### Instructions for the task
Exclude the pictures and set down, unaltered, the lines from the one that holds "Location Appartement 2" through the end of the data.

### Records excerpted from a collection
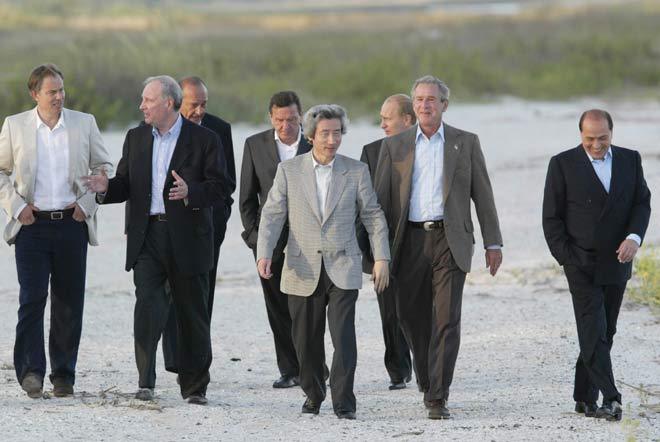 八国集团首脑会议(g8summit)是由西方七国首脑会议演变而来,是各国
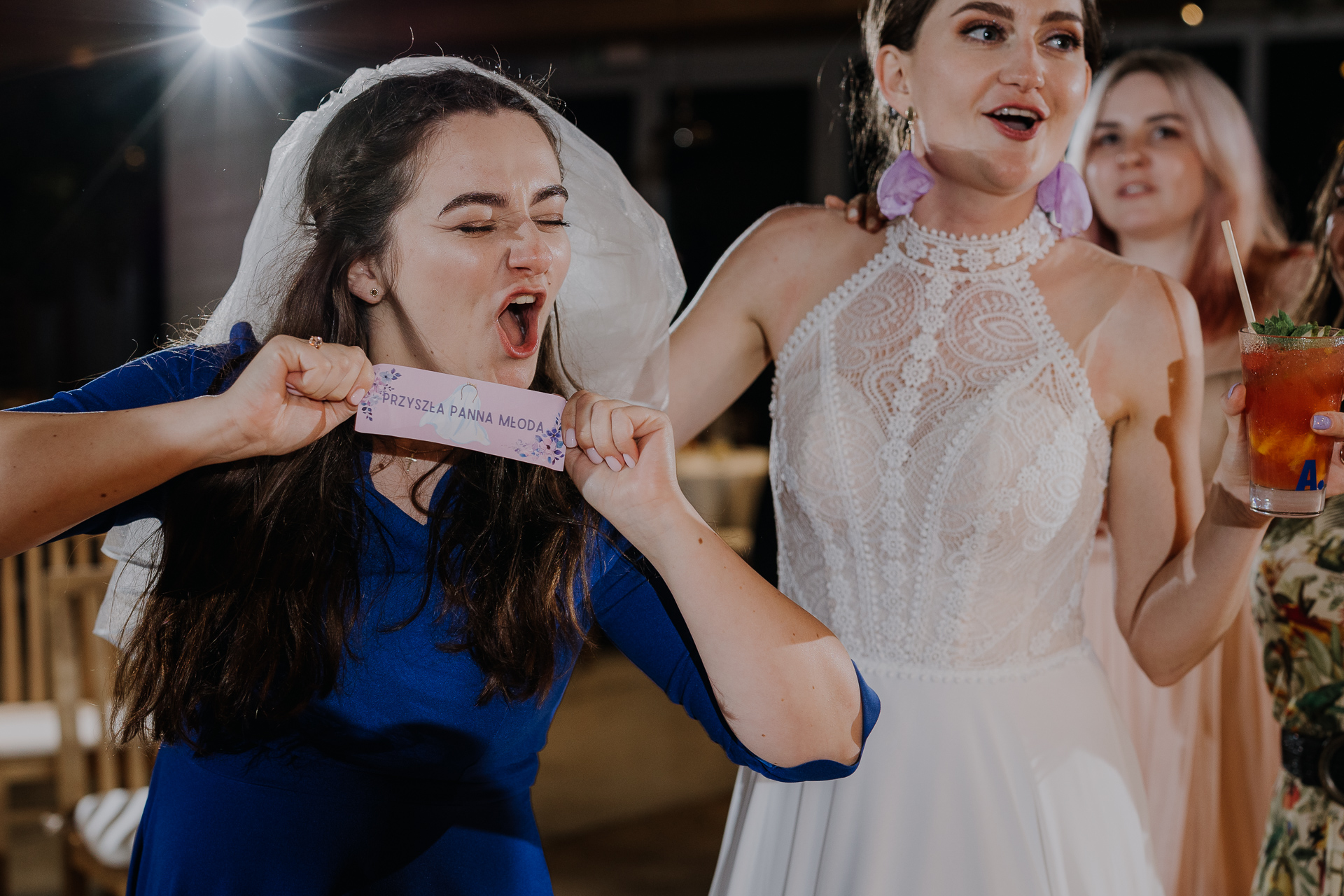 zabawa w pociąg na sali weselnej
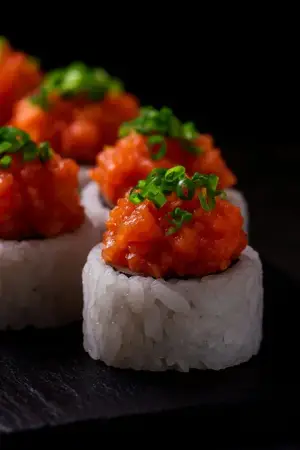 Himeji Salmón Sushi Roll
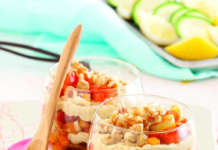 Dadolata di pomodori su hummus crudo di zucchine alla paprica affumicata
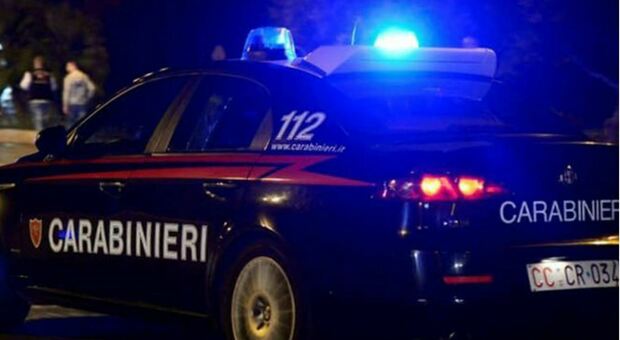 Ancona, blitz dei carabinieri (grazie ai residenti) nello stabile del degrado: trovati crack e cocaina, denunciato un 37enne
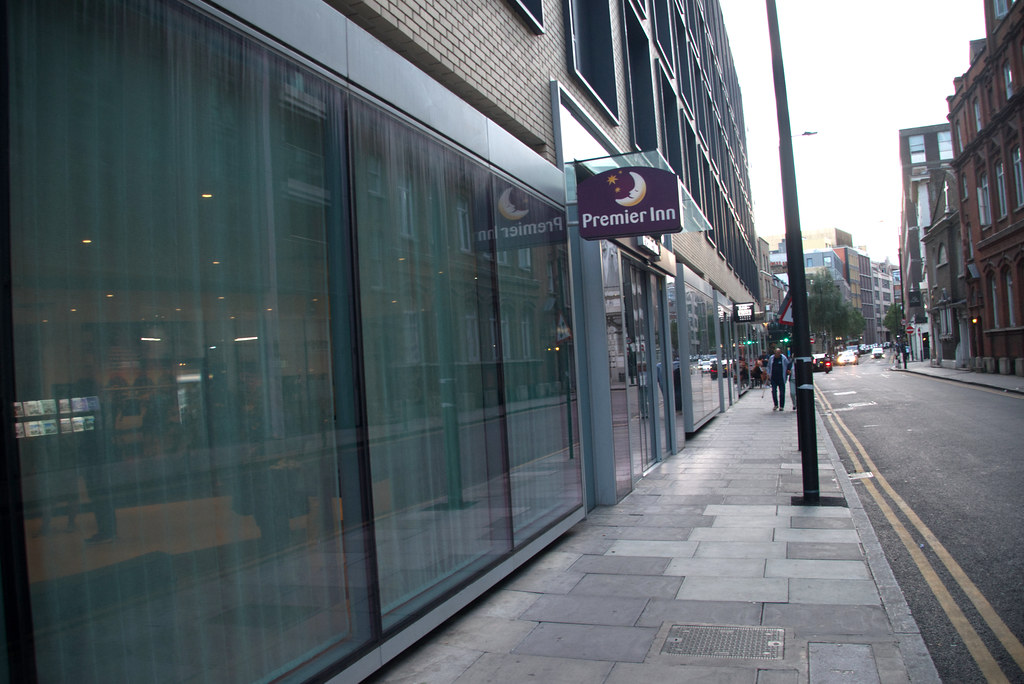 Premier Inn Alie Street London
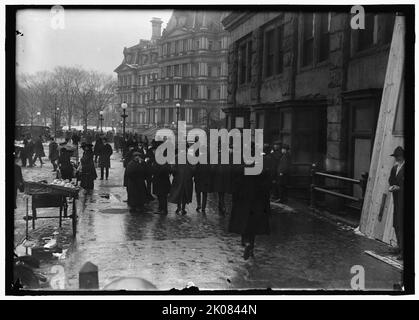 Straßenszene in der Nähe von 17. Street and State, war &amp; Navy Building, Washington, DC, Zwischen 1913 und 1918. Stockfoto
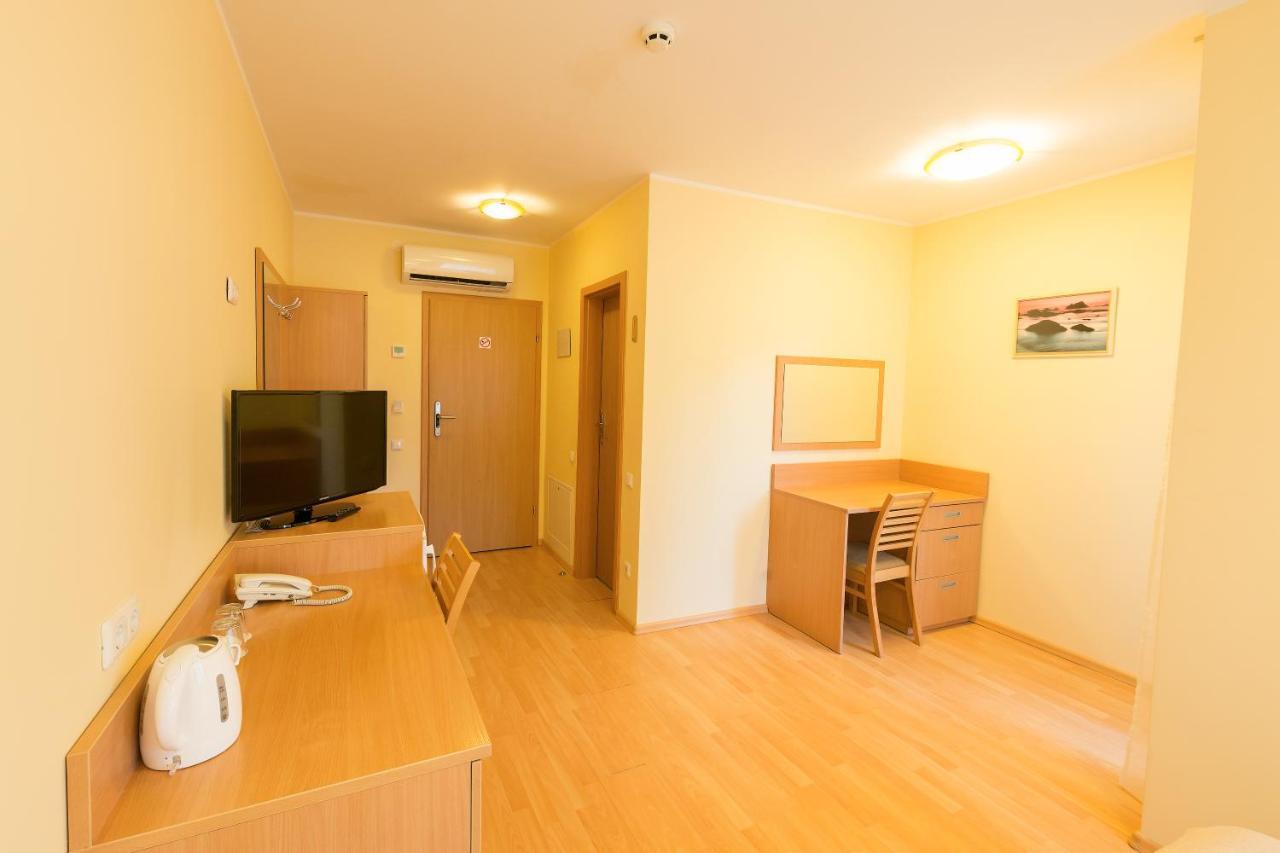 Hotel Vita Self Check In Druskininkai Exteriör bild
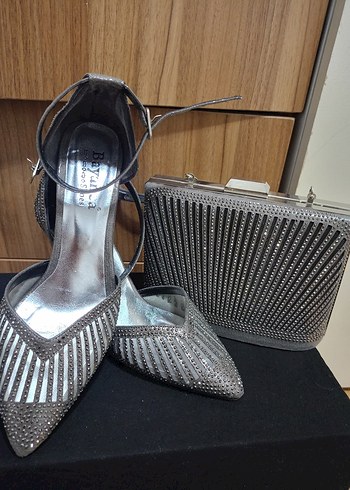 Gri Metal Tokalı Yüksek Topuklu Kadın Abiye Ayakkabı - Görsel 4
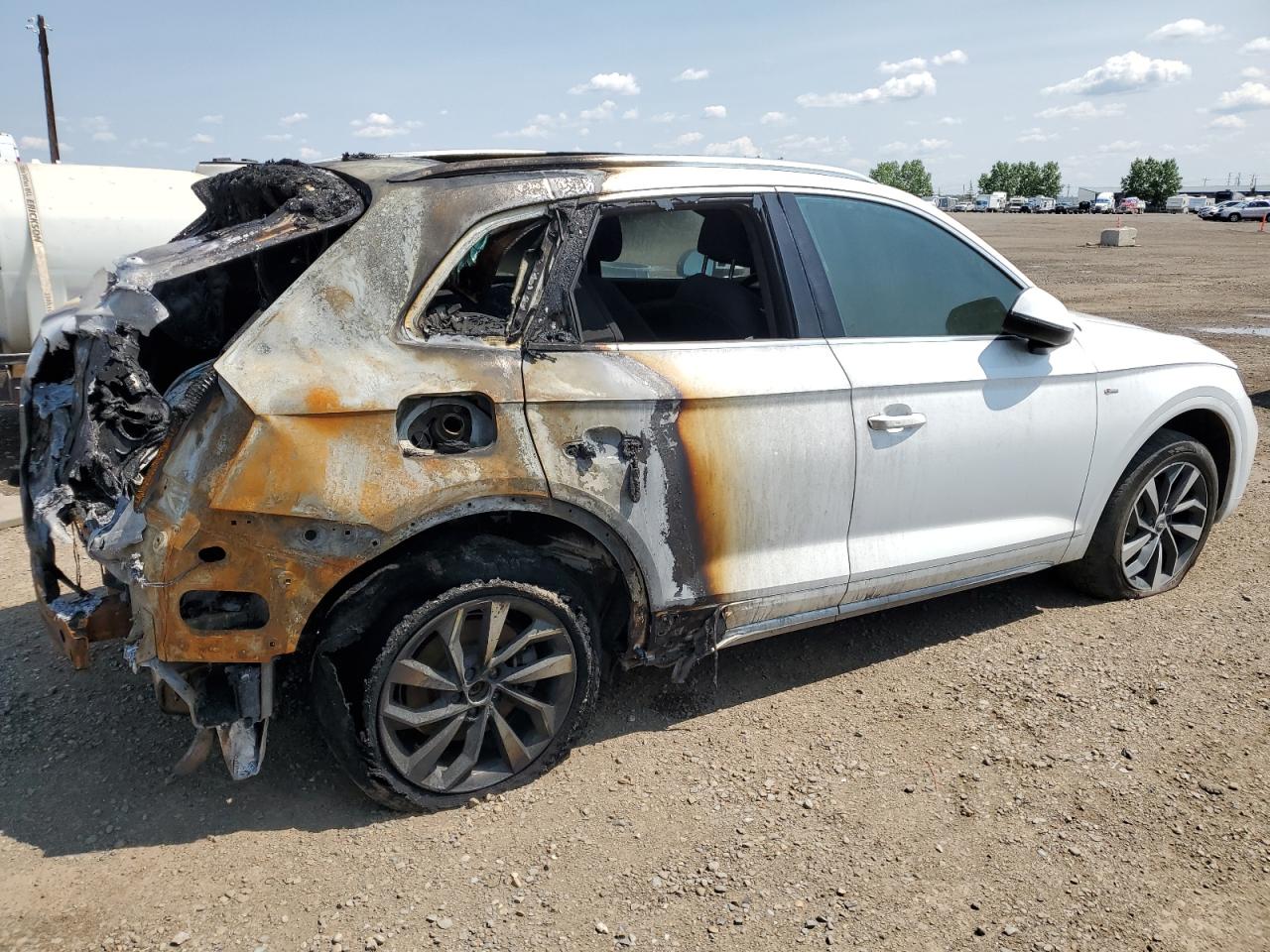wa1eaafy1m2085361 WA1EAAFY1M2085361 2021 Audi Q5 Progressiv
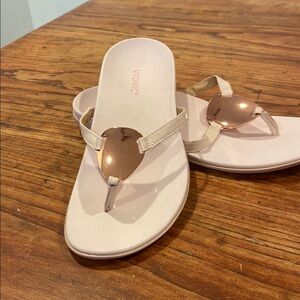 Vionic Women's Rose Gold Sandals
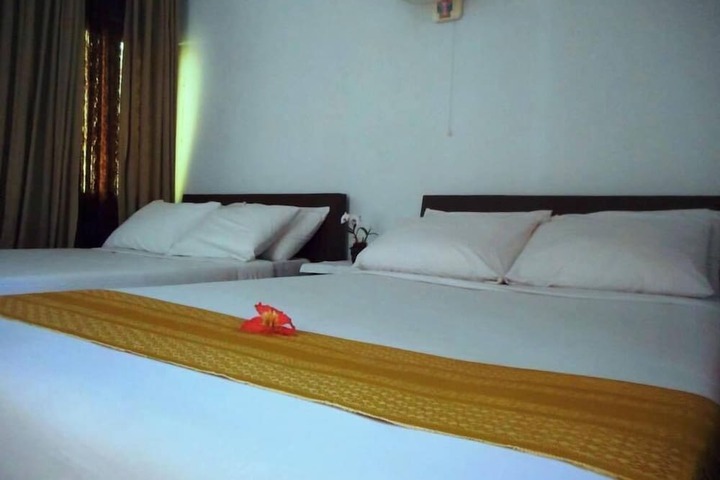 Room 8 of 38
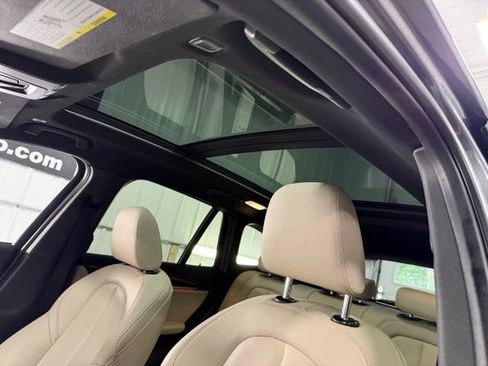 Used 2018 BMW X1 xDrive28i w/ Convenience Package AWD/4WD image 19
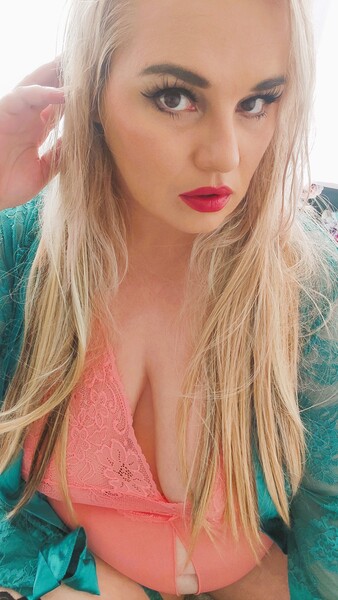 Darsteller solegoddesstoocurvy Foto 11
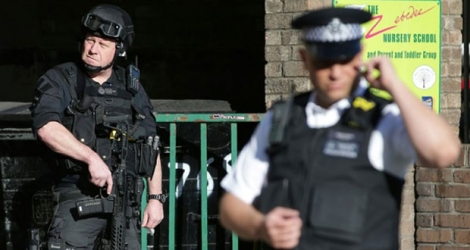 Des policiers armés dans le centre de Londres, le 15 septembre 2017 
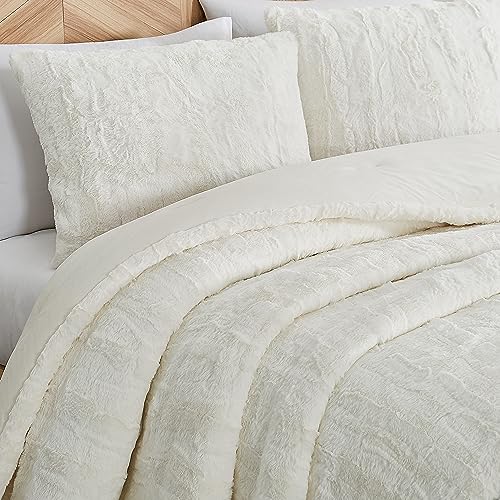 UGG Alondra Full-Queen 3-Piece Faux Fur Comforter Set with Two Pillow Shams I531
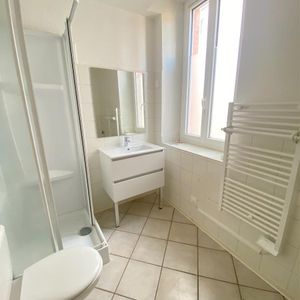 Location Appartement 2 pièces 32m² LABRUGUIERE 81290 - Photo 3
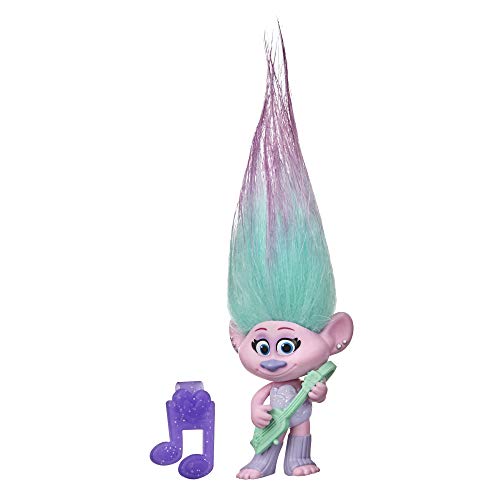 Trolls DreamWorks World Tour Satin, Sammelpuppe mit Gitarrenzubehör und Haarspange, Spielfigur inspiriert von der Filmwelttour von DREAMWORKS TROLLS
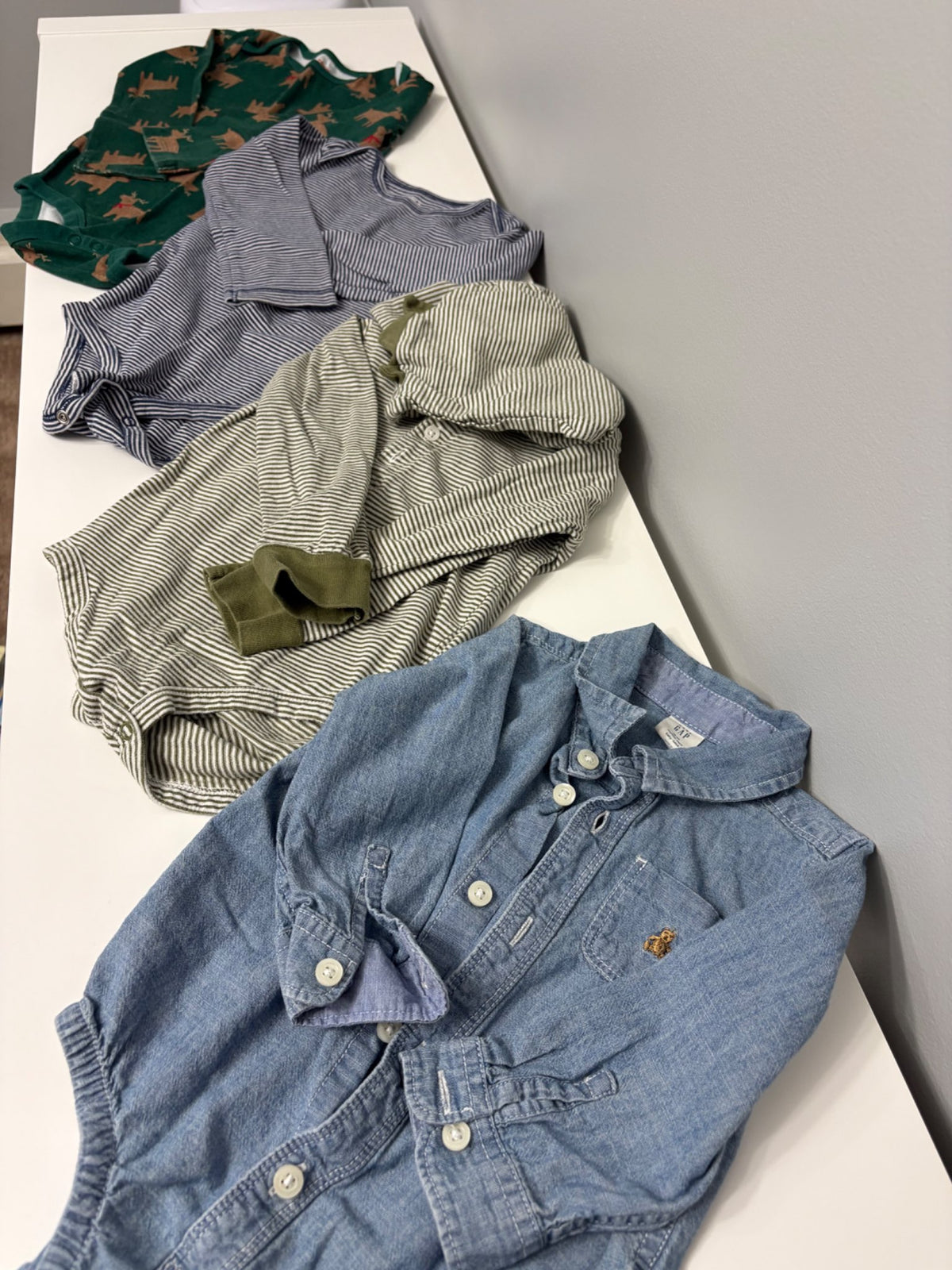 Baby Boy 24M Long-Sleeve Bodysuit Bundle – Baby Gap Denim Romper, Hooded & Striped Onesies (4 Pcs), Kids 24 Month (18-24M)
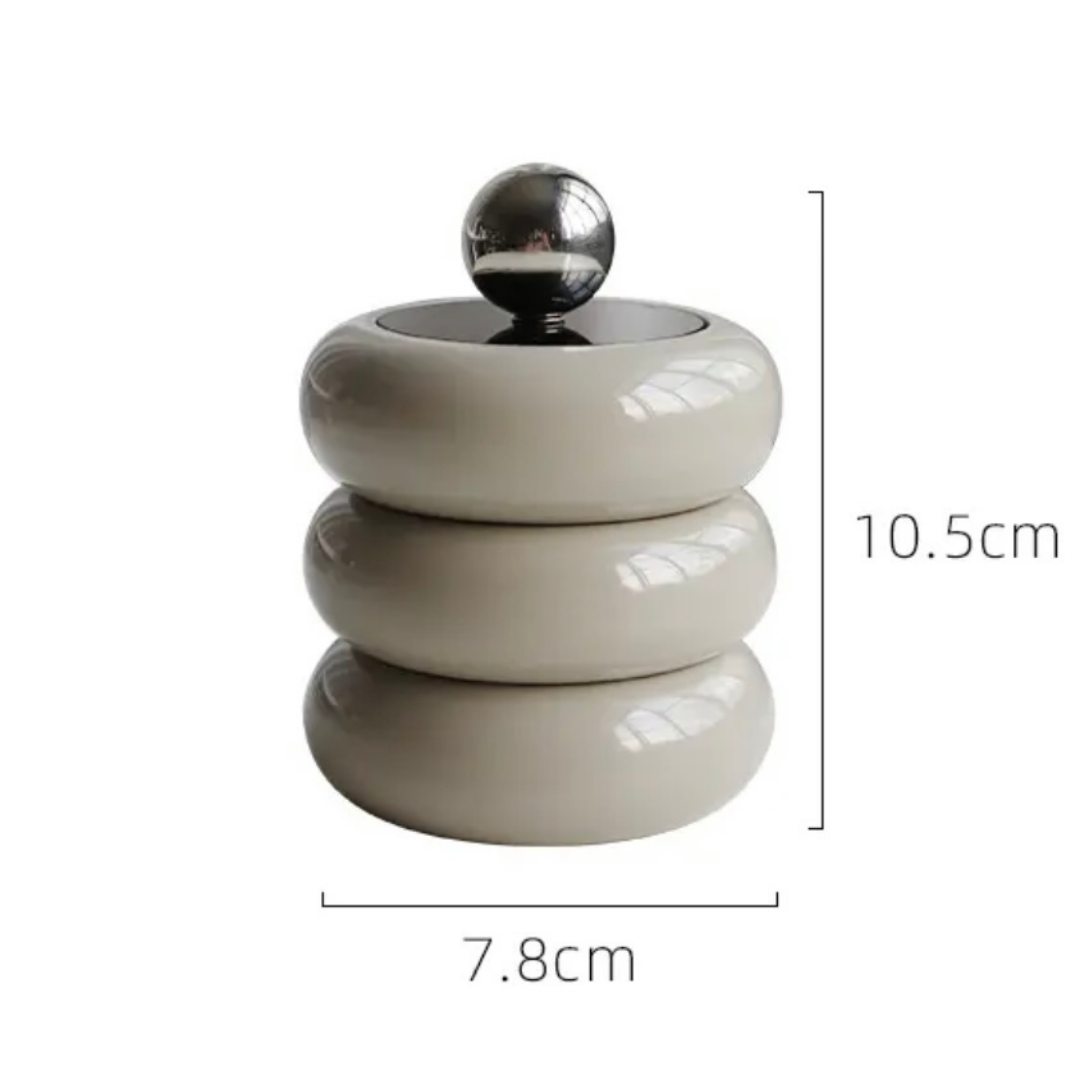 コロンと小物入れ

### Answer for the task
 Location Appartement 2 pièces 32m² LABRUGUIERE 81290 - Photo 3
 Trolls DreamWorks World Tour Satin, Sammelpuppe mit Gitarrenzubehör und Haarspange, Spielfigur inspiriert von der Filmwelttour von DREAMWORKS TROLLS
 Baby Boy 24M Long-Sleeve Bodysuit Bundle – Baby Gap Denim Romper, Hooded & Striped Onesies (4 Pcs), Kids 24 Month (18-24M)
 コロンと小物入れ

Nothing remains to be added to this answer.